**EXERCISE OBJECTIVE**
Your response is a verbatim copy of the listing, stripped of its images.

**MATERIALS PROVIDED**
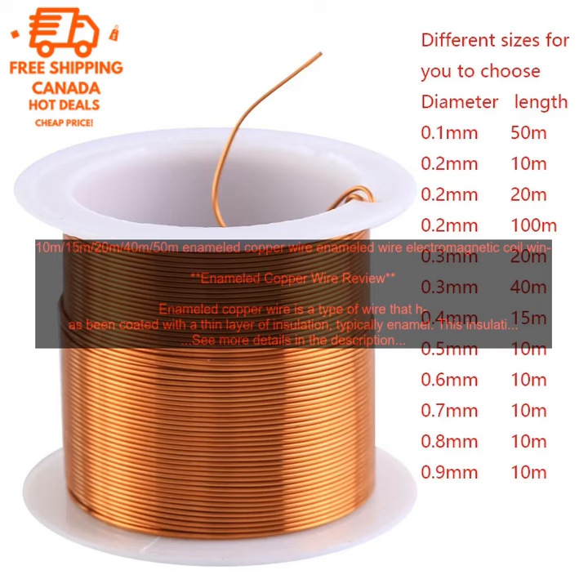10m, 15m, 20m, 40m, 50m enameled copper wire — enameled wire electromagnetic coil winding. Enameled copper wire review.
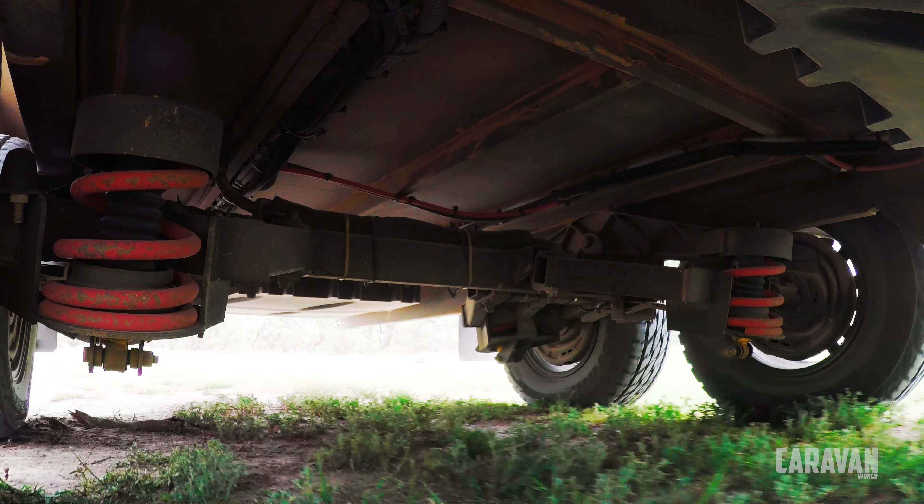Towing the 19-foot compact can be done with a mainstream ute like a D-Max or a Ranger, as it's not too big and the 3500-kilo ATM is within the limits of most new utes and SUVs. We had a Ram 1500 — the car all caravanners are talking about. We talked a lot about fuel consumption though, which hovered around 30 litres per 100 kilometres for most of the trip. The Ram had an optional 200-litre fuel tank, which helps — just don't forget your wallet, as it's not cheap to fill and you'll do that quite a bit.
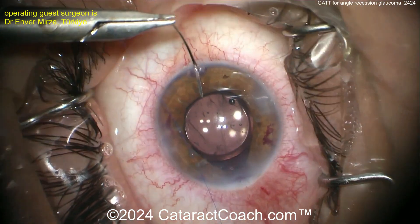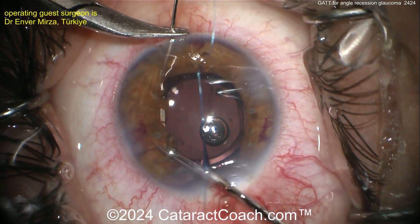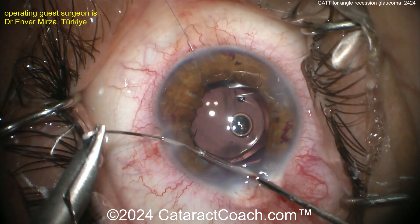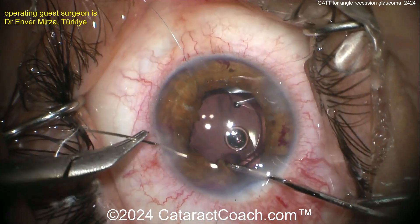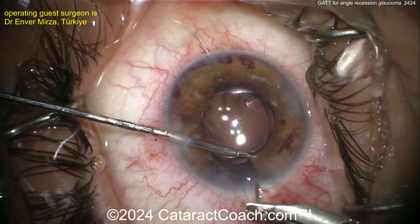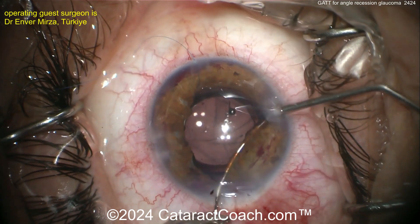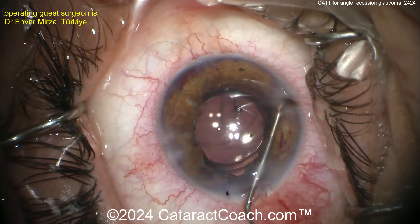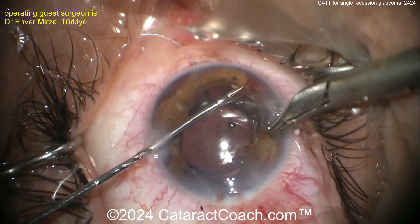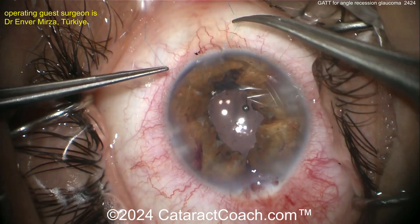It may well be. 10-0 prolene going in — and now, oh, a cerclage suture! What a surprise. I didn't even know we were going to do that. Bringing it outside the eye and going back inside the eye. Cerclage is a difficult suture — this surgeon is fantastic. But remember, for most of us, if you want to bring the pupil down or do pupilloplasty, just try the four-throw pupilloplasty technique — two or three interrupted sutures gives a pretty good outcome.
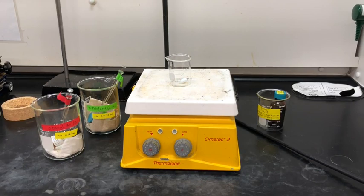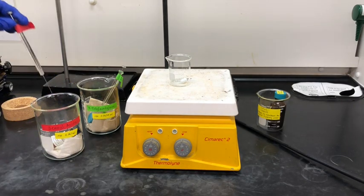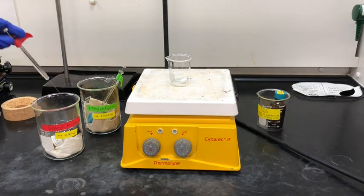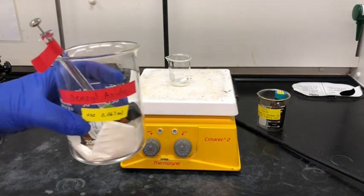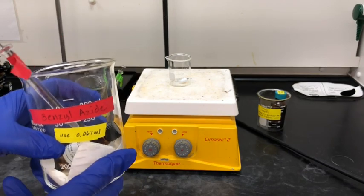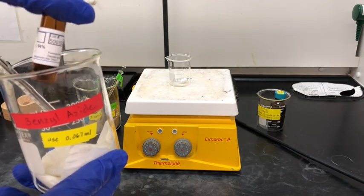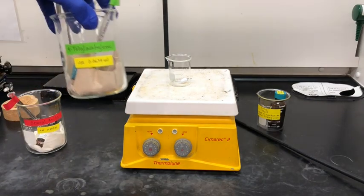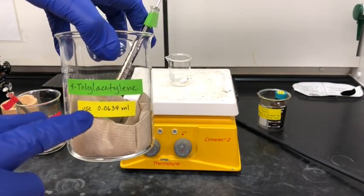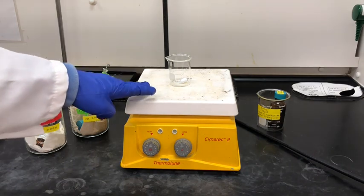In this lab you're going to start with a few different materials. You're going to start with benzyl azide — it comes with a very small syringe and you're just going to measure out about 0.067 milliliters. You'll also use 4-tolylacetylene, and you're also going to use a very small amount, so there's another small syringe that comes with that chemical.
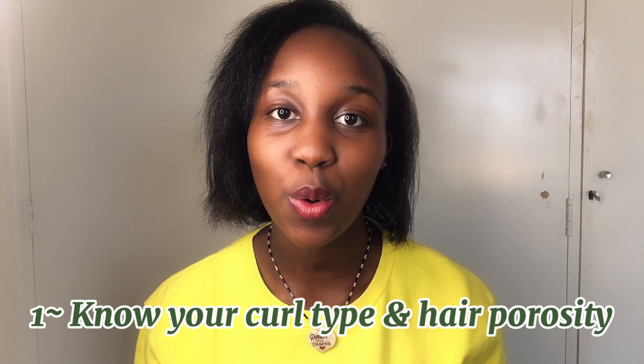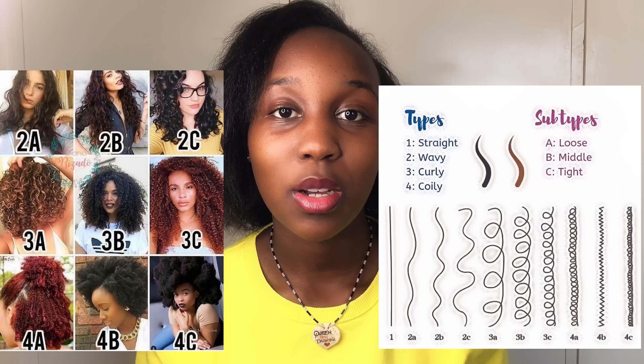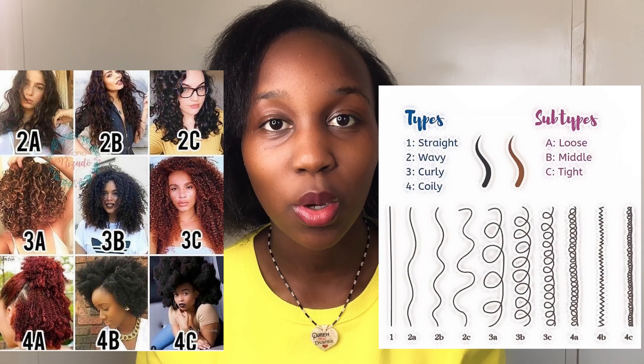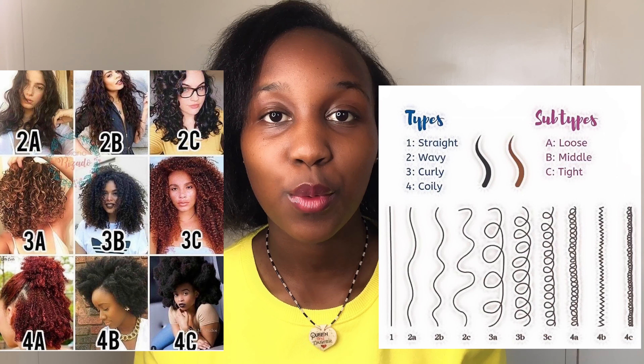Today we're going to be talking about how to care for your hair after combing out locks. First and foremost, you need to know what your hair porosity is and your hair type, which is your curl type. Once you figure out which side you lean on more, it will make it a lot easier for you to know how to maintain your hair and what products to use on wash days.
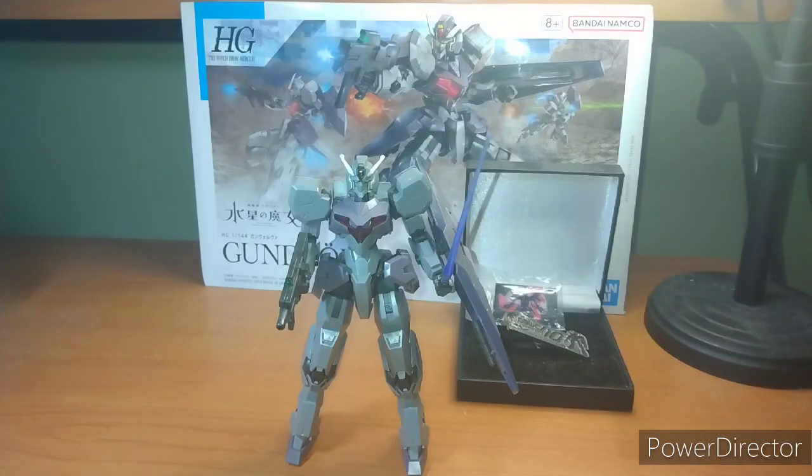Hey everybody, it's your boy Zero here for another Gunpla review. In today's episode, we're going to cover the Gundolva from Gundam: The Witch from Mercury.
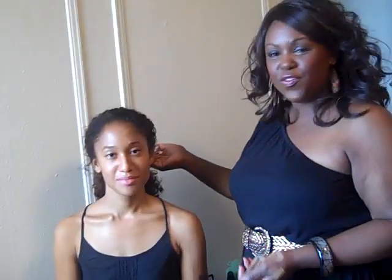So here it is — Demo Face Contour and Highlight. Thanks so much and we'll see you soon.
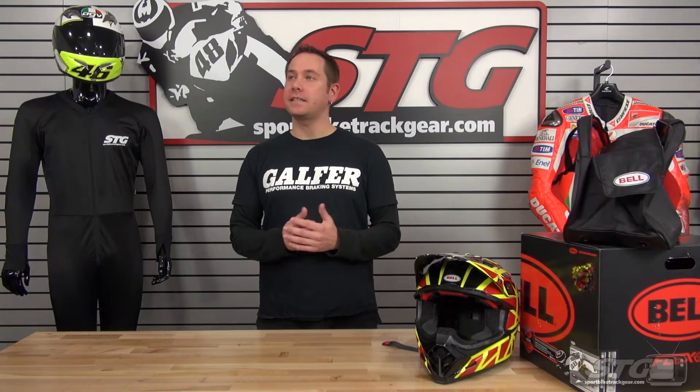Hey everybody, this is Alan Donath with STG Moto and SportBikeTrackGear.com. I am STG's in-house off-road gear expert. I've been riding and racing for a little over 30 years, from the novice group all the way to the professional level. I've raced supercross, motocross, arena cross, supermoto, and some hare scramble stuff. I've also been working in the industry for a little over 15 years, so I've got a really good broad background as far as products go to help get you into the gear that's going to make your season or your weekend out riding with your buddies go well.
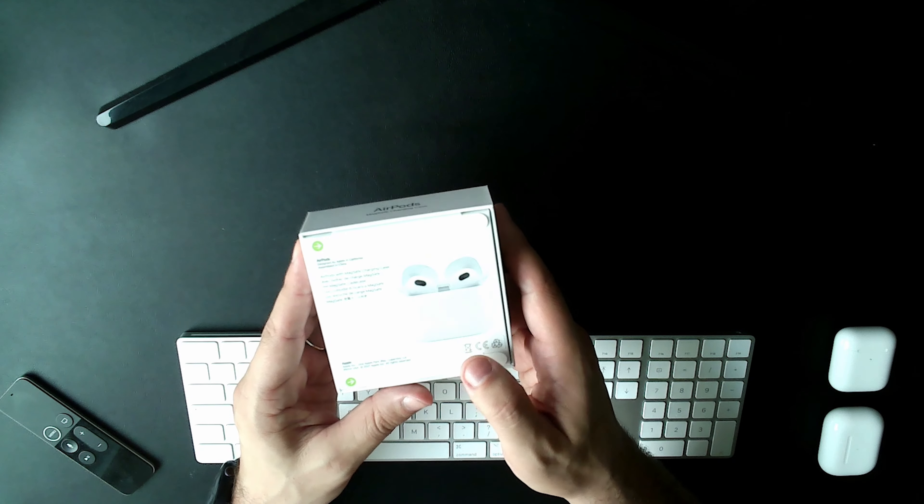Here you have the AirPods case — it's a MagSafe case, so it's magnetic and will clip onto any MagSafe charger. I've got one so I'll show you that shortly. Opening it up, it's actually smaller than the AirPods Pro case, which is quite a surprise. So this is the third generation AirPods next to the AirPods Pro. I also have the second generation AirPods here for comparison. I haven't got my hands on the AirPods Max yet, but I will.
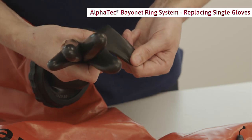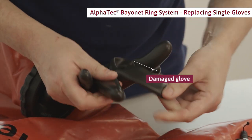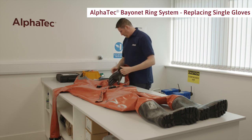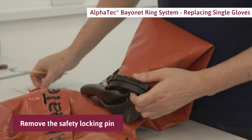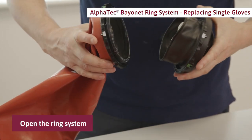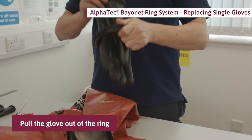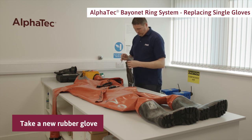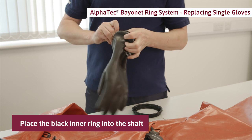Let's take a look at how to replace a single glove fitted in the Alpha Tech bayonet ring system. Check if the rubber gloves are damaged. Remove the safety locking pin, push the rings towards each other and turn to open the ring system. Pull the glove out of the ring.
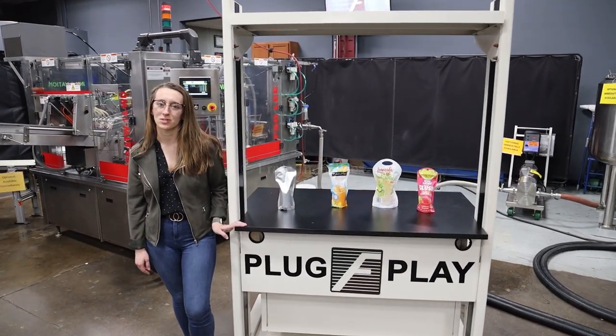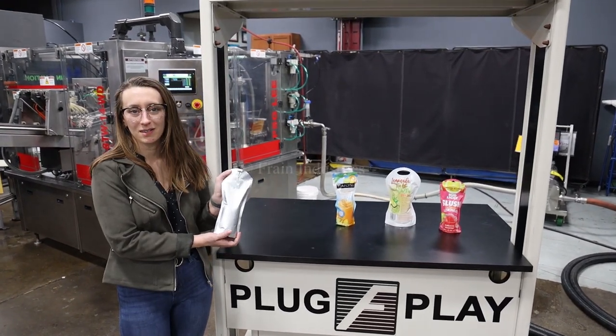Systems like this are capable of running a variety of products such as you see here. Today I'll be running this product through at 26 cycles per minute.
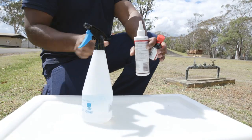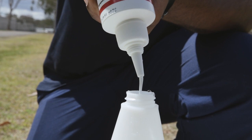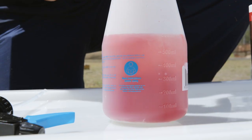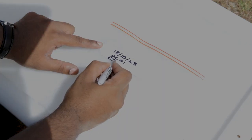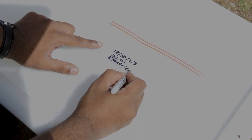Mix PVA glue with water in a 5 to 1 ratio. The use of colouring aids in the glue provides a visual indicator of coverage. Label the sampling bag with details such as date, location and type of material sampled.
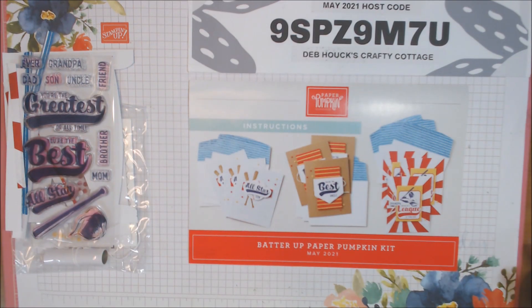Hi, everyone. Welcome to the alternatives session for the Batter Up Paper Pumpkin Kit, which is the May 2021 Paper Pumpkin Kit by Stampin' Up.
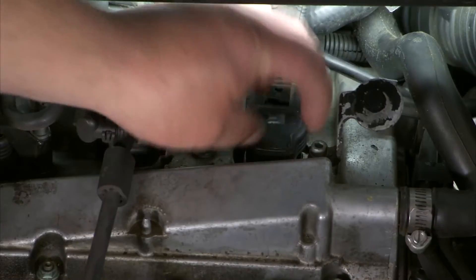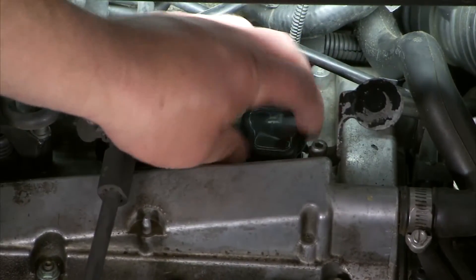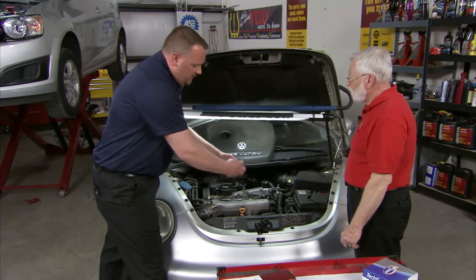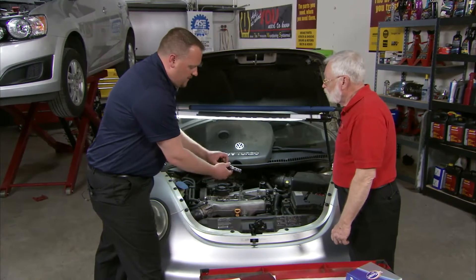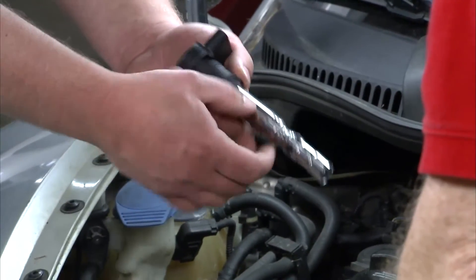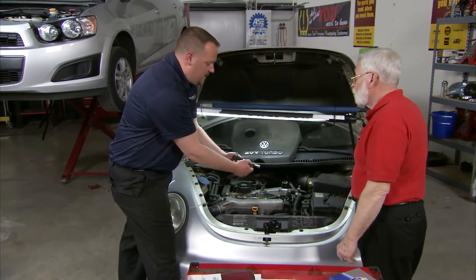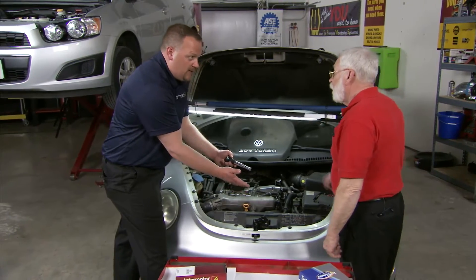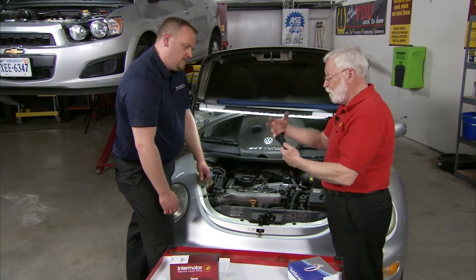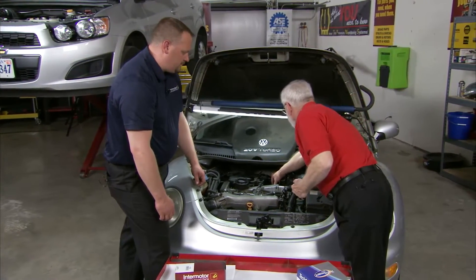This particular coil has the primary windings and the ignition module incorporated together in the top. If we take a look at our new coil, we've got a lot of plastic componentry, and then we've got the metal sheathing that goes down inside the cylinder head. This is very prone after time to failures up here in the plastic section, where heat will break down the material.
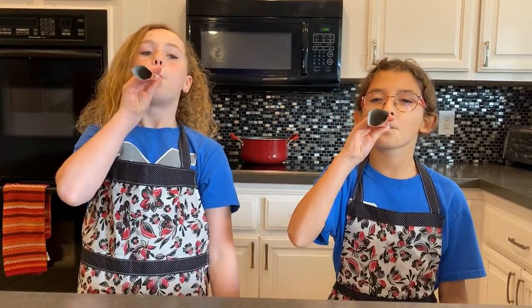Hey everyone, I'm Iris and I'm Emma. Today we're making some delicious apple donuts. Every year we get together and make this tasty treat to bring in the new year, then we give it to our loved ones and spread the joy.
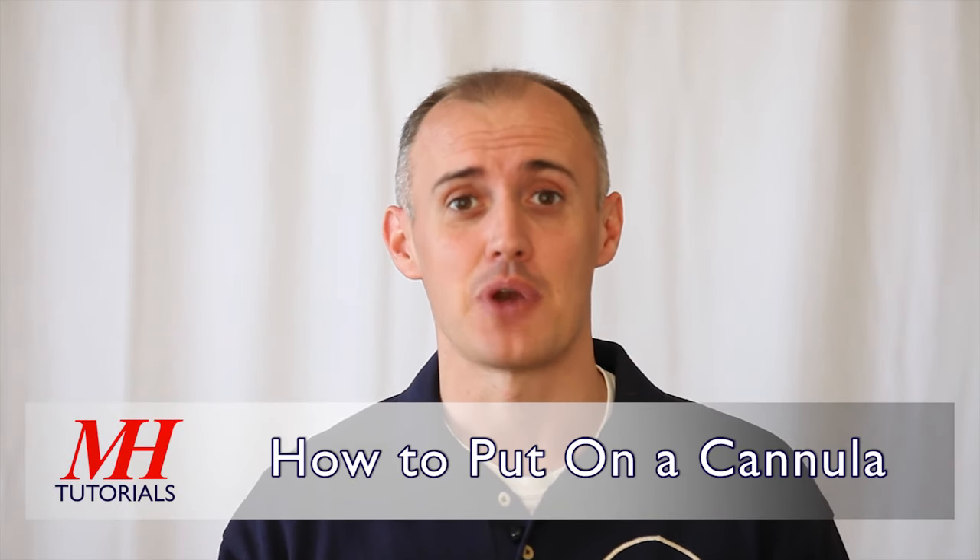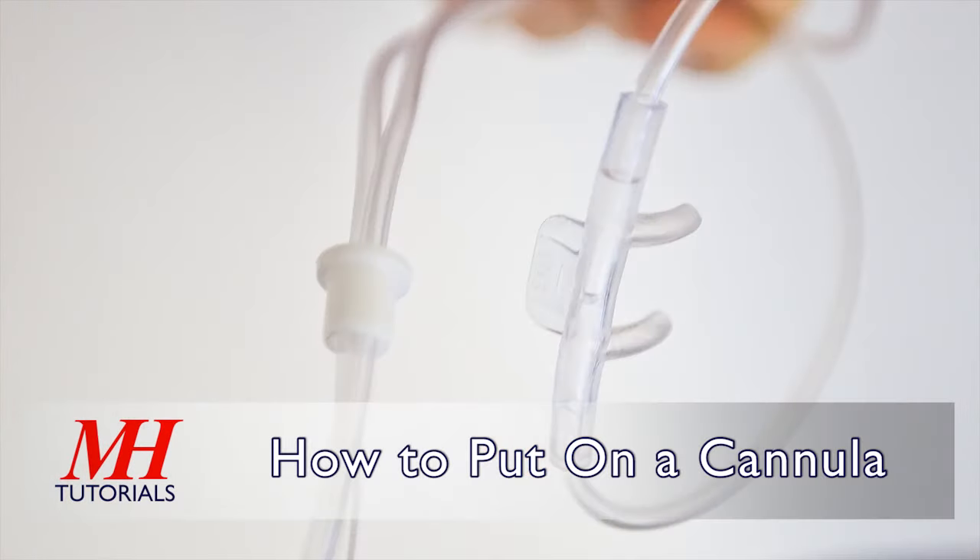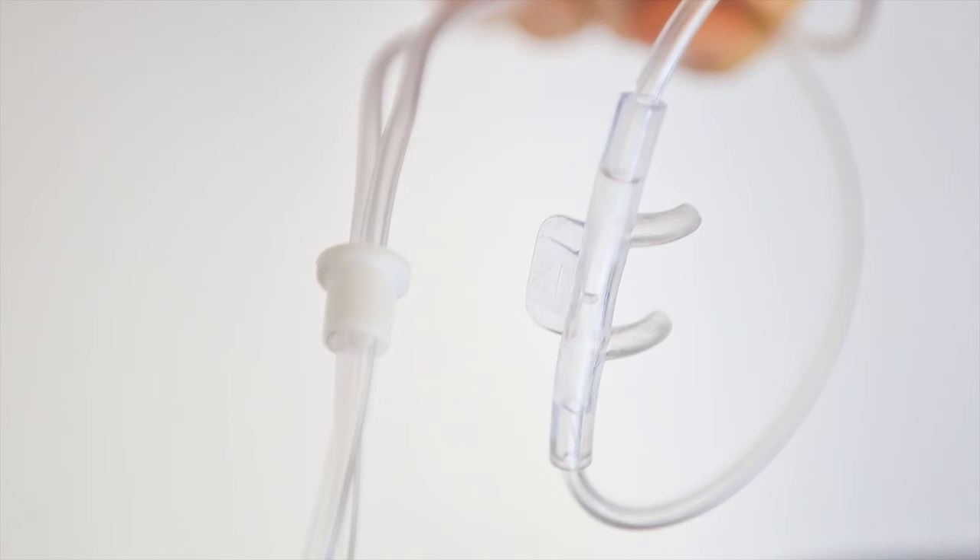Right now, we're going to cover how to properly put on a cannula. A cannula consists of some basic parts: nasal prongs which enter the nose, a tab which rests on the upper lip, and a slide which tightens the cannula against the head.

**WRITTEN ANSWER**
10m, 15m, 20m, 40m, 50m enameled copper wire — enameled wire electromagnetic coil winding. Enameled copper wire review.
Towing the 19-foot compact can be done with a mainstream ute like a D-Max or a Ranger, as it's not too big and the 3500-kilo ATM is within the limits of most new utes and SUVs. We had a Ram 1500 — the car all caravanners are talking about. We talked a lot about fuel consumption though, which hovered around 30 litres per 100 kilometres for most of the trip. The Ram had an optional 200-litre fuel tank, which helps — just don't forget your wallet, as it's not cheap to fill and you'll do that quite a bit.
It may well be. 10-0 prolene going in — and now, oh, a cerclage suture! What a surprise. I didn't even know we were going to do that. Bringing it outside the eye and going back inside the eye. Cerclage is a difficult suture — this surgeon is fantastic. But remember, for most of us, if you want to bring the pupil down or do pupilloplasty, just try the four-throw pupilloplasty technique — two or three interrupted sutures gives a pretty good outcome.
In this lab you're going to start with a few different materials. You're going to start with benzyl azide — it comes with a very small syringe and you're just going to measure out about 0.067 milliliters. You'll also use 4-tolylacetylene, and you're also going to use a very small amount, so there's another small syringe that comes with that chemical.
Today we're going to be talking about how to care for your hair after combing out locks. First and foremost, you need to know what your hair porosity is and your hair type, which is your curl type. Once you figure out which side you lean on more, it will make it a lot easier for you to know how to maintain your hair and what products to use on wash days.
Hey everybody, it's your boy Zero here for another Gunpla review. In today's episode, we're going to cover the Gundolva from Gundam: The Witch from Mercury.
So here it is — Demo Face Contour and Highlight. Thanks so much and we'll see you soon.
Hey everybody, this is Alan Donath with STG Moto and SportBikeTrackGear.com. I am STG's in-house off-road gear expert. I've been riding and racing for a little over 30 years, from the novice group all the way to the professional level. I've raced supercross, motocross, arena cross, supermoto, and some hare scramble stuff. I've also been working in the industry for a little over 15 years, so I've got a really good broad background as far as products go to help get you into the gear that's going to make your season or your weekend out riding with your buddies go well.
Here you have the AirPods case — it's a MagSafe case, so it's magnetic and will clip onto any MagSafe charger. I've got one so I'll show you that shortly. Opening it up, it's actually smaller than the AirPods Pro case, which is quite a surprise. So this is the third generation AirPods next to the AirPods Pro. I also have the second generation AirPods here for comparison. I haven't got my hands on the AirPods Max yet, but I will.
Let's take a look at how to replace a single glove fitted in the Alpha Tech bayonet ring system. Check if the rubber gloves are damaged. Remove the safety locking pin, push the rings towards each other and turn to open the ring system. Pull the glove out of the ring.
Systems like this are capable of running a variety of products such as you see here. Today I'll be running this product through at 26 cycles per minute.
Mix PVA glue with water in a 5 to 1 ratio. The use of colouring aids in the glue provides a visual indicator of coverage. Label the sampling bag with details such as date, location and type of material sampled.
Hi, everyone. Welcome to the alternatives session for the Batter Up Paper Pumpkin Kit, which is the May 2021 Paper Pumpkin Kit by Stampin' Up.
This particular coil has the primary windings and the ignition module incorporated together in the top. If we take a look at our new coil, we've got a lot of plastic componentry, and then we've got the metal sheathing that goes down inside the cylinder head. This is very prone after time to failures up here in the plastic section, where heat will break down the material.
Hey everyone, I'm Iris and I'm Emma. Today we're making some delicious apple donuts. Every year we get together and make this tasty treat to bring in the new year, then we give it to our loved ones and spread the joy.
Right now, we're going to cover how to properly put on a cannula. A cannula consists of some basic parts: nasal prongs which enter the nose, a tab which rests on the upper lip, and a slide which tightens the cannula against the head.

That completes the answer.